Макар Степанович встретил мэра на крыльце заводоуправления, пронаблюдал, стоя на верхней ступеньке, за тем, как родственник грузно выбирается из облепленной грязью черной «Волги», а потом, когда этот процесс благополучно завершился, спустился вниз и пожал гостю руку.
Они были очень разные и в то же время чем-то похожи: оба большие, высокие, широкие в кости и оттого кажущиеся грузноватыми. Только Субботин был старше, шире лицом, волосы имел седые и носил на верхней губе аккуратно подстриженные усики, а Ежов рано облысел, был гладко выбрит, и в чертах его холеного, приветливого лица угадывалось что-то лисье.
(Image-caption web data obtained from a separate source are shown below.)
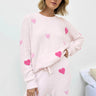 Woman wearing a pink pajama set with heart patterns on a light background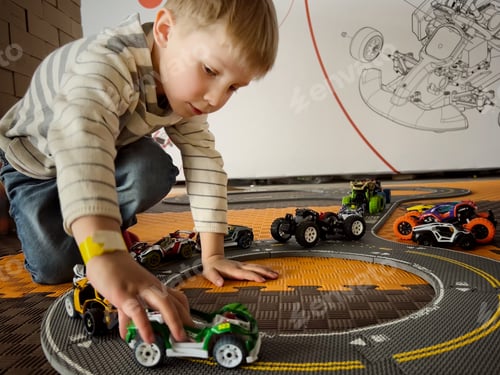 Preview: Cute little caucasian boy playing with toy car track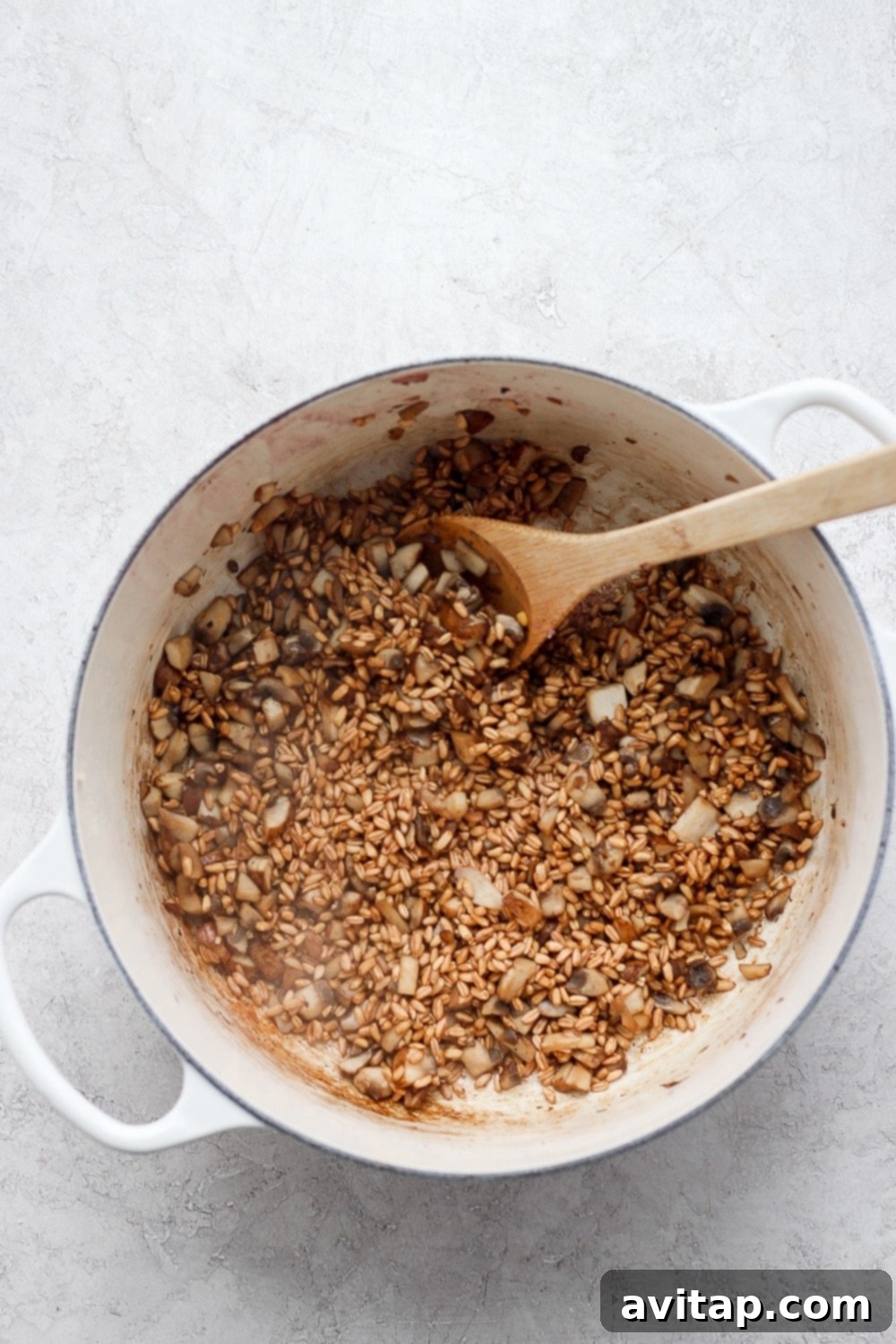Close-up shot of uncooked farro grains being added to a pot with sautéed mushrooms, about to be simmered in broth.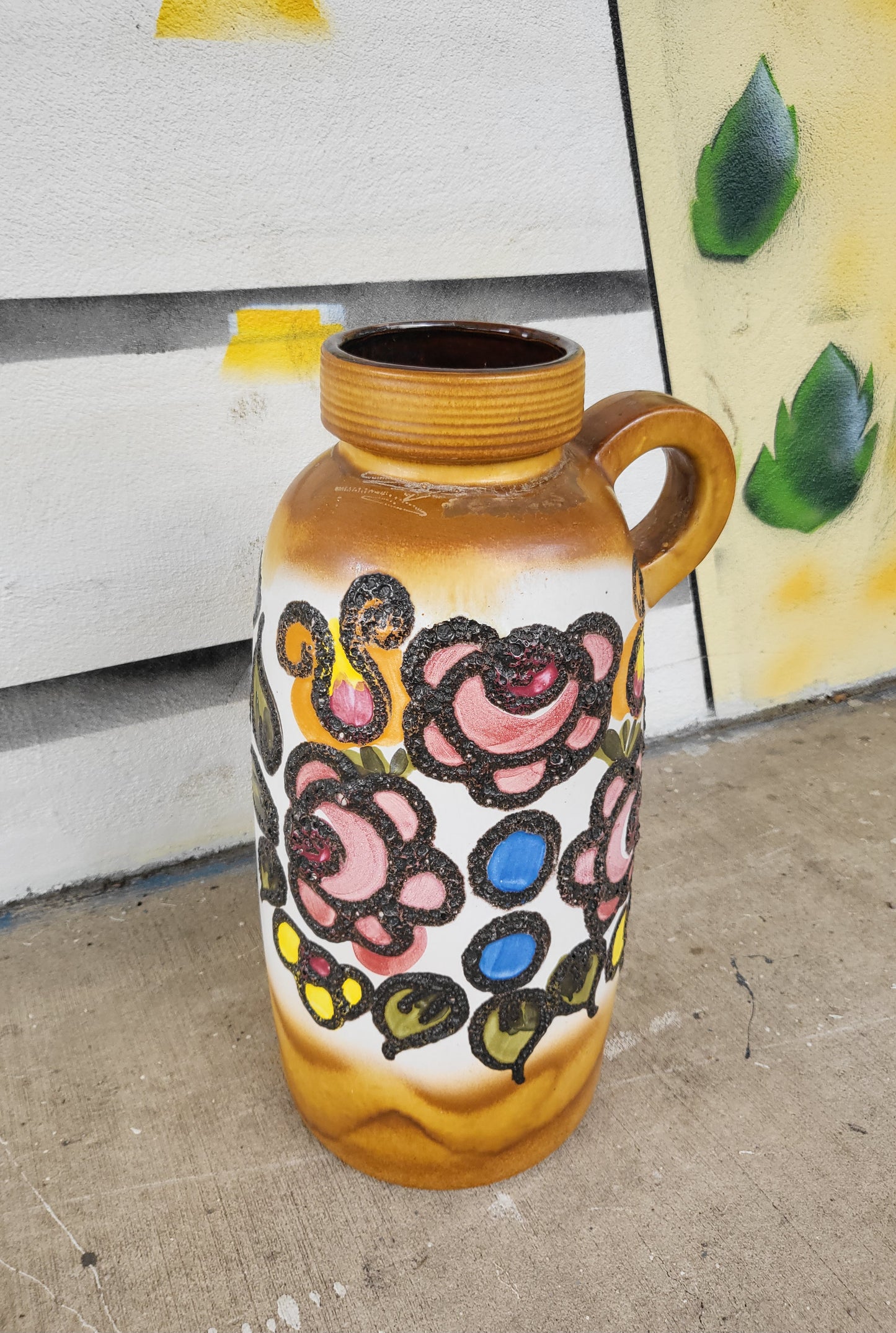 Close-up of raised floral motifs on vintage West German pottery vase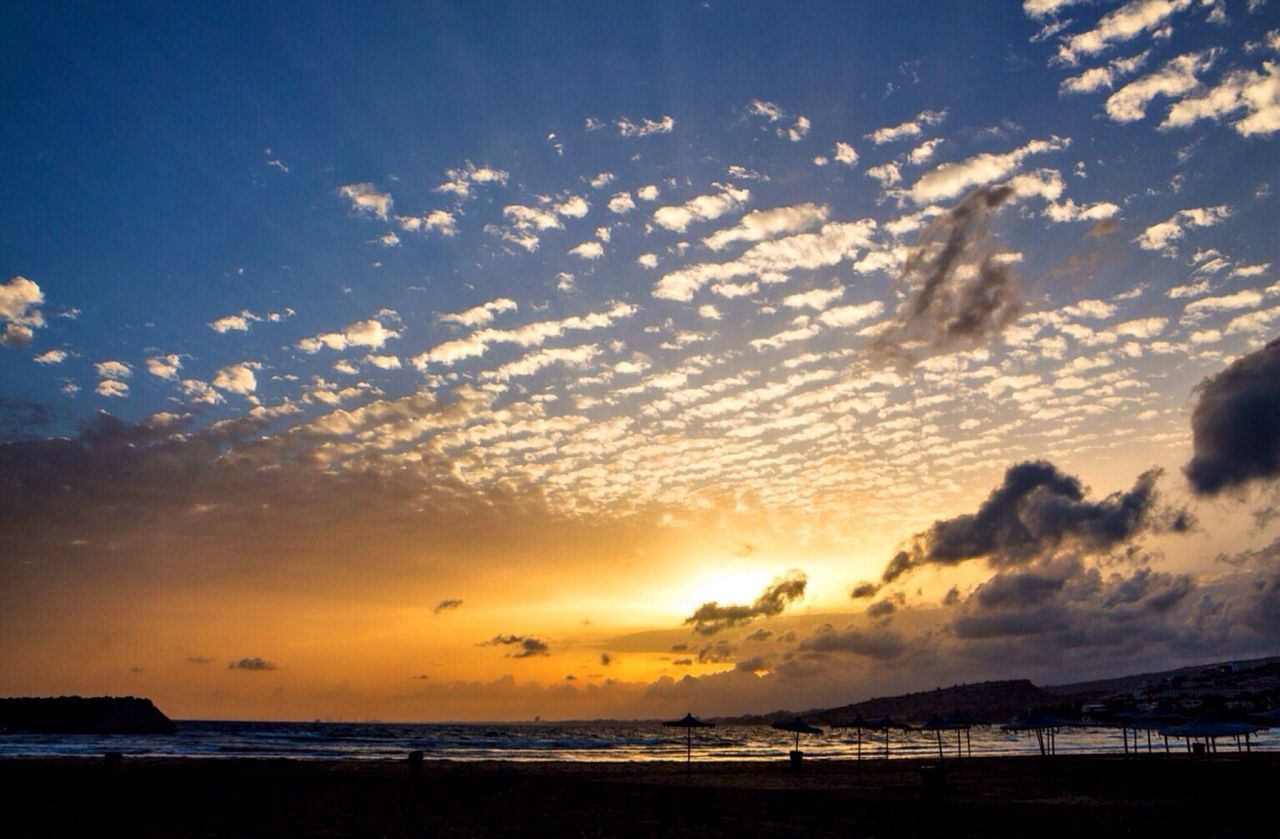 sea, sunset, horizon over water, water, scenics, sky, beauty in nature, tranquil scene, beach, tranquility, orange color, idyllic, cloud - sky, silhouette, nature, shore, cloud, sun, dramatic sky, outdoors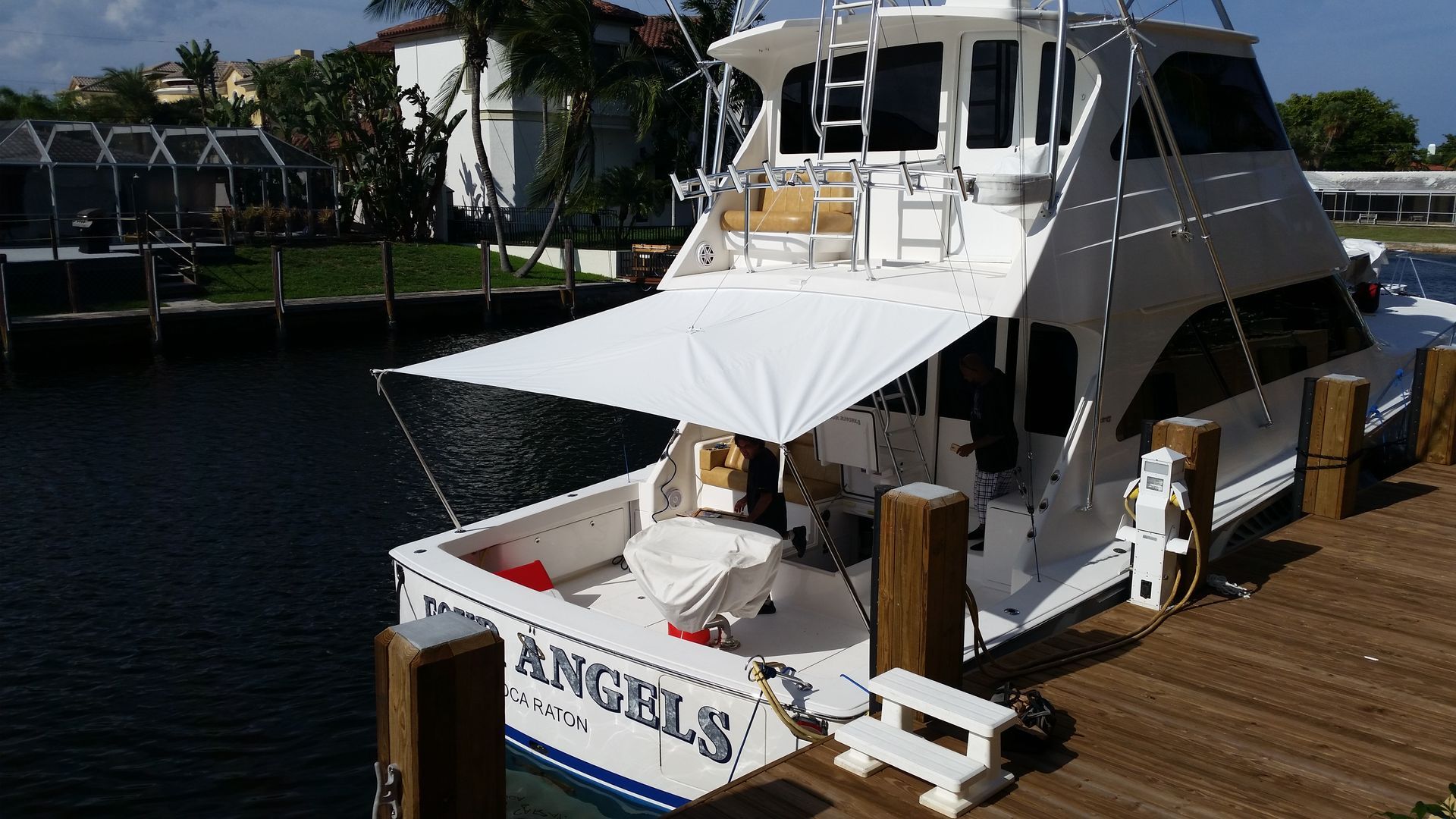 A boat named angels is docked at a dock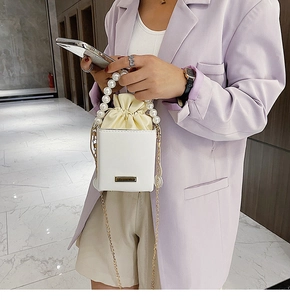 White square handbag with large pearl handle and chain strap shown on a model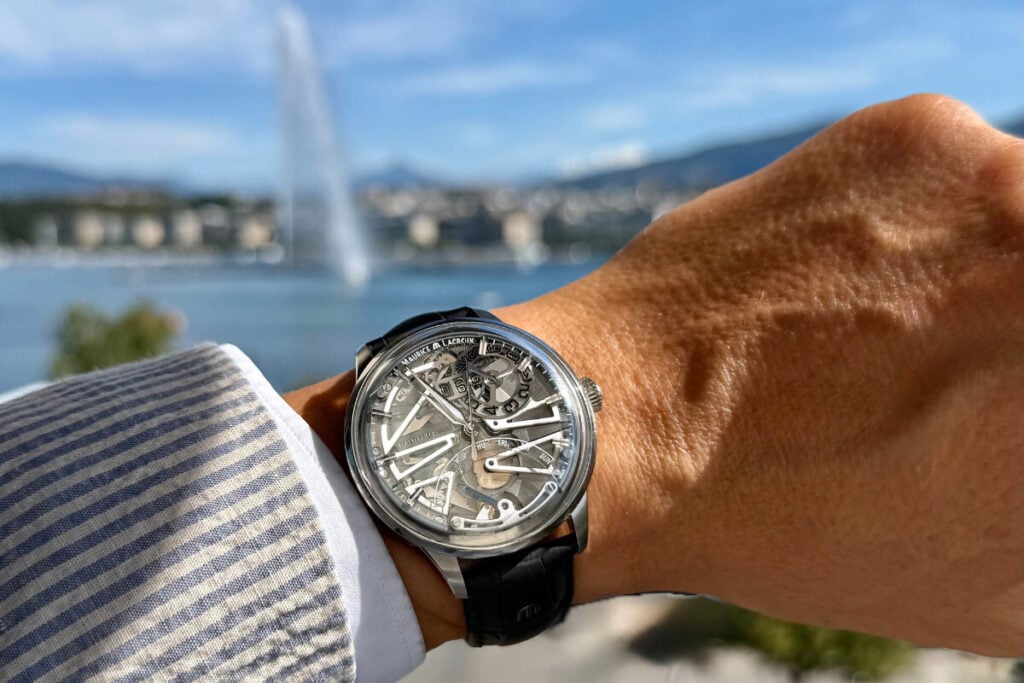 Rel&oacute;gio Maurice Lacroix com mostrador esquel&eacute;tico vis&iacute;vel no pulso de uma pessoa. O rel&oacute;gio est&aacute; em posi&ccedil;&atilde;o de destaque, com os detalhes das engrenagens, o n&uacute;mero 03 na data e os dias da semana vis&iacute;veis. A caixa de a&ccedil;o inoxid&aacute;vel e a pulseira de couro preto complementam o design elegante.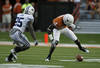 AUSTIN, TX - SEPTEMBER 10:  Wide receiver Darius White #4 of the Texas Longhorns fumbles a second quarter pass as defensive back Corby Eason #25 of the BYU Cougars comes in to tackle on September 10, 2011 at Darrell K. Royal-Texas Memorial Stadium in Austin, Texas.  White recovered his own fumble. (Photo by Erich Schlegel/Getty Images)
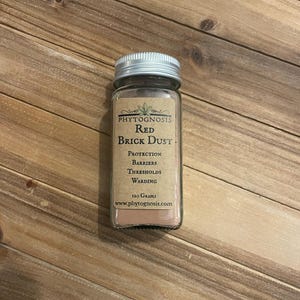 May include: A clear glass jar with a silver screw-top lid containing red brick dust. The label reads Phytognosis Red Brick Dust, Protection, Barriers, Thresholds, Warding, 120 Grams, and www.phytognosis.com. The jar is filled with a fine red powder.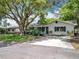Lovely single Gathering home with lush green lawn and mature trees providing ample shade at 603 Solana St, Lakeland, FL 33813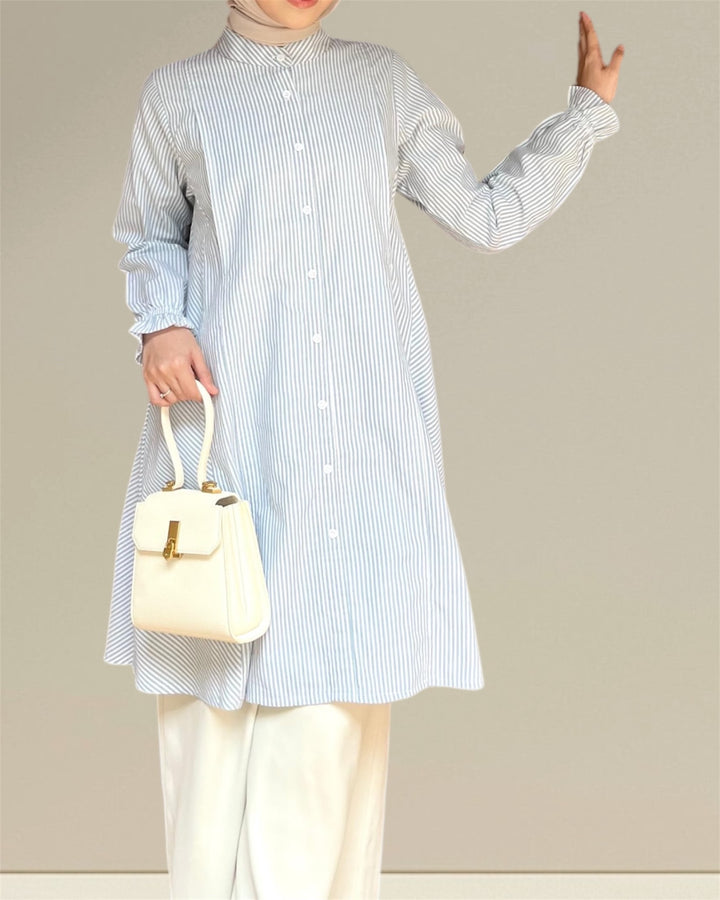 Aliya Nursing Top in white and green stripes, designed for nursing moms with easy breastfeeding access for effortless and discreet feeding.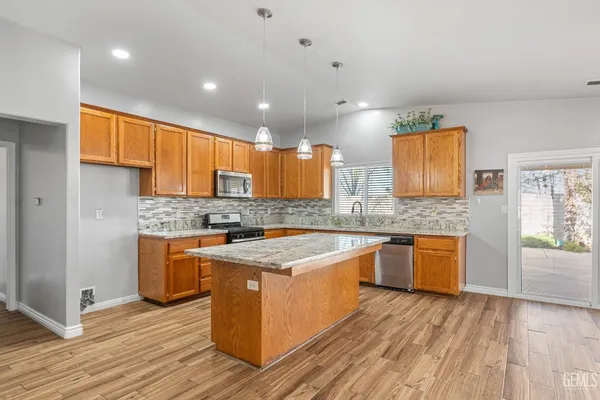 a kitchen with stainless steel appliances granite countertop wooden cabinets and a granite counter tops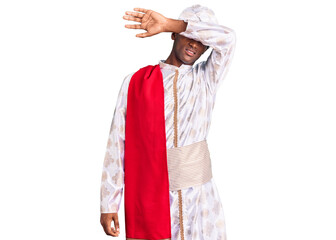 African handsome man wearing tradition sherwani saree clothes covering eyes with arm, looking serious and sad. sightless, hiding and rejection concept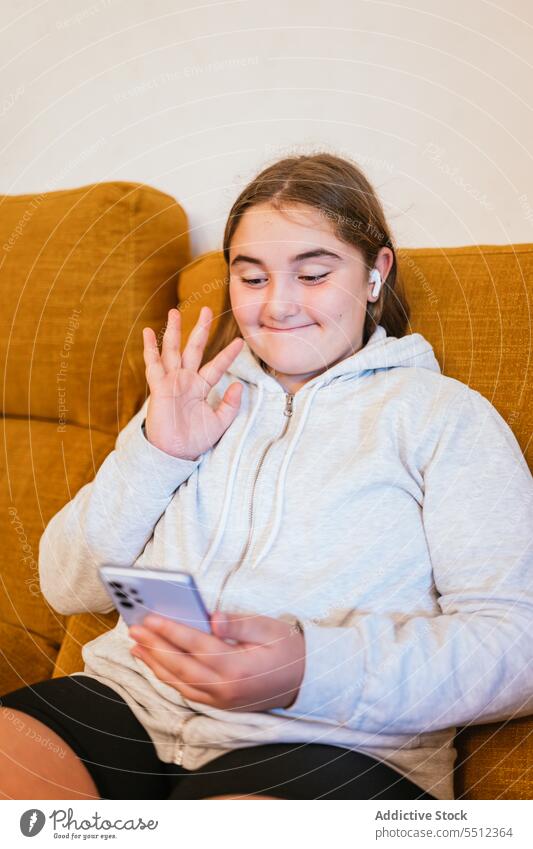 Fröhliches junges Mädchen, das auf dem Sofa sitzend sein Smartphone begrüßt Videoanruf Lächeln Hallo online benutzend Kommunizieren Anschluss Internet Teenager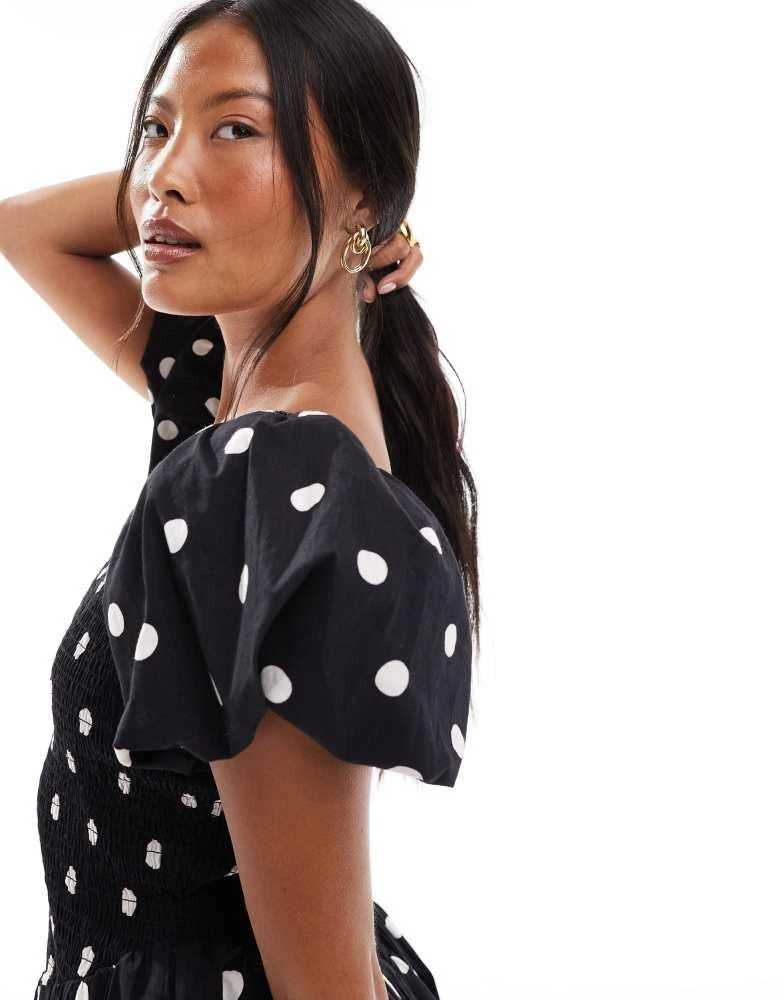 Miss Selfridge Petite bubble hem mini dress in Black polka dots-Multi Miss Selfridge Petite bubble hem mini dress in Black polka dots-Multi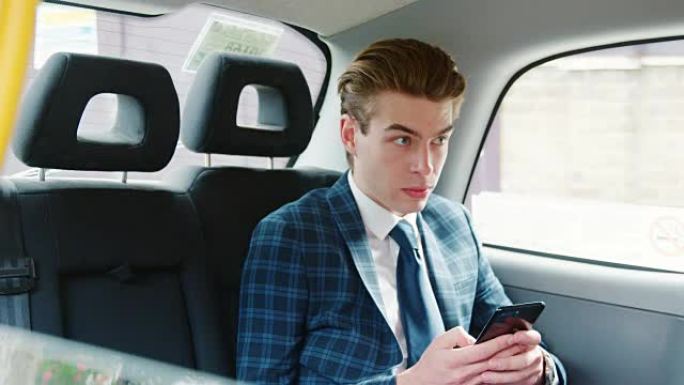 时髦的男人穿着西装在出租车上使用手机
Рукопожатие, как всегда, было по-мужски крепким (какой-нибудь городской очкарик, удостоившись такого рукопожатия, еще долго застегивал бы ширинку левой рукой), а после непременных, ставших уже ритуалом похлопываний по плечам, заглядываний в лицо и вопросов типа «Ну, как сам-то?» родственники рука об руку поднялись на второй этаж, где размещался кабинет Ежова.
Войдя, Николай Гаврилович сразу же направился к просторной нише у занавешенного вертикальными жалюзи окна, где стоял низкий столик с двумя очень удобными мягкими кожаными креслами, и без приглашения опустился в то, из которого был лучше виден кабинет. Здесь он закурил, привычно отмахнулся от Ежова, который, как всегда, попенял ему за то, что травится отечественной дрянью, и принялся, опять же как обычно, исподтишка разглядывать обстановку — гладкие кремовые стены с какими-то непонятными картинками, сверкающий, как стекло, пол, диковинную, непонятно из чего изготовленную мебель и прочие причуды человека, которому деньги девать некуда. Над столом, в тоненькой, почти незаметной, покрашенной под обыкновенное железо (а может, и впрямь железной?) рамке висела картина, изображавшая не президента, не губернатора и даже не суровый местный пейзаж, а, представьте, голую бабу. Баба лежала на боку, лицом к Николаю Гавриловичу, выставив напоказ все свои прелести, и было решительно непонятно, что сие должно означать — уж не то ли, что письменный стол Макара Ежова, помимо работы, предназначен и для иных, более интересных дел? Оно-то, конечно, на таком столе этими самыми делами могло бы единовременно заниматься человек пять — это если считать без баб, а с ними, значит, все десять получится. Да только разве ж можно такие вещи афишировать? Это ж кабинет начальника, а не бордель!